= John Moore-Stevens (MP) =

John Curzon Moore-Stevens (1818–1903), JP, DL, MP for North Devon, High Sheriff of Devon in 1870.

Moore-Stevens was the son and heir of Thomas Moore-Stevens (1782–1832). He had been brought up in the expectation of becoming the heir of John Rolle, 1st Baron Rolle (1750–1842), of Stevenstone, who died childless and was his great-grandmother's nephew. However, Lord Rolle instead left his fortune to Hon. Mark Trefusis, who changed his name to Mark Rolle (d. 1907), the nephew of his second wife Louisa Trefusis, a daughter of Baron Clinton. He married in 1850 Elizabeth Anne Johnson, daughter of Rev. Peter Johnson.

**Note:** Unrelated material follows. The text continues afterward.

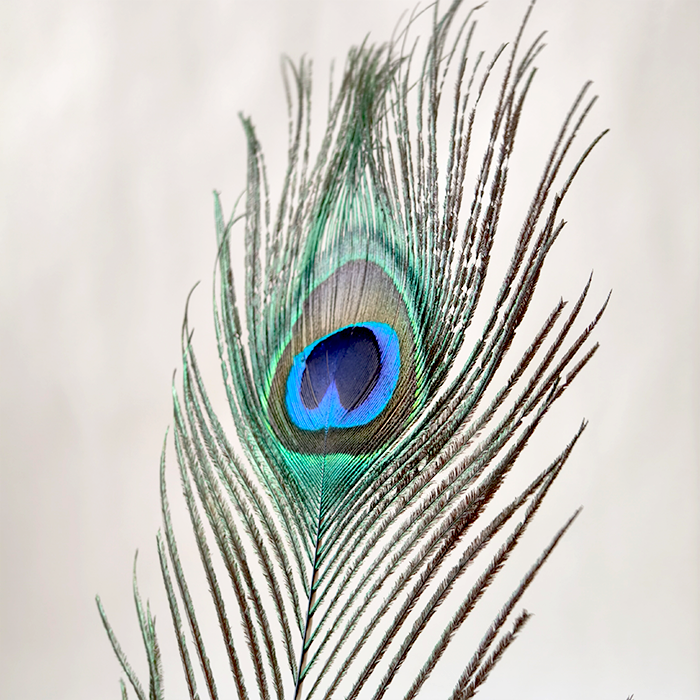 RL-PE03 Large Natural Peacock Eye Feathers Full Stem & Stemless One Piece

Moore-Stevens rebuilt Winscott in 1865, immediately following his inheritance. He served as a JP on the Quarter Sessions Court of Devon, and Winscott House was built with its own "Magistrate's Room" with a separate entrance. He was especially reactionary and old-fashioned and at the Mid-Summer sessions of 1882 had declared his object was "to get rid of traction-engines altogether". On the abolition of the Quarter-Sessions in 1889 he was the only former JP to have been defeated by a non-magistrate in the elections for councillors to the new replacement governing body of the Devon County Council.